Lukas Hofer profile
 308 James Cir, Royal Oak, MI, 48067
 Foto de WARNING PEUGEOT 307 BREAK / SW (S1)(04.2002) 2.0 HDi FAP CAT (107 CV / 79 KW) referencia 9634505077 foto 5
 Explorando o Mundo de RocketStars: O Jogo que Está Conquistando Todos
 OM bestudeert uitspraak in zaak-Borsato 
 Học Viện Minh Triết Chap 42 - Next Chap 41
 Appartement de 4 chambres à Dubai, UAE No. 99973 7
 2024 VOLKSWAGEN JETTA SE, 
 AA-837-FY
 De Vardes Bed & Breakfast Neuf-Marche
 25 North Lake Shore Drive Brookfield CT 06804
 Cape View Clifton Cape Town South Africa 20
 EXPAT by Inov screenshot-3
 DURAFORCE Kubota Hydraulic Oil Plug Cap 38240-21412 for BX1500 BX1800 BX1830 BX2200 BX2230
::::
▶ TASK DETAILS:
A faithful, complete copy of the entries above is required.

▶ ANSWER SPACE:
Lukas Hofer profile
 308 James Cir, Royal Oak, MI, 48067
 Foto de WARNING PEUGEOT 307 BREAK / SW (S1)(04.2002) 2.0 HDi FAP CAT (107 CV / 79 KW) referencia 9634505077 foto 5
 Explorando o Mundo de RocketStars: O Jogo que Está Conquistando Todos
 OM bestudeert uitspraak in zaak-Borsato 
 Học Viện Minh Triết Chap 42 - Next Chap 41
 Appartement de 4 chambres à Dubai, UAE No. 99973 7
 2024 VOLKSWAGEN JETTA SE, 
 AA-837-FY
 De Vardes Bed & Breakfast Neuf-Marche
 25 North Lake Shore Drive Brookfield CT 06804
 Cape View Clifton Cape Town South Africa 20
 EXPAT by Inov screenshot-3
 DURAFORCE Kubota Hydraulic Oil Plug Cap 38240-21412 for BX1500 BX1800 BX1830 BX2200 BX2230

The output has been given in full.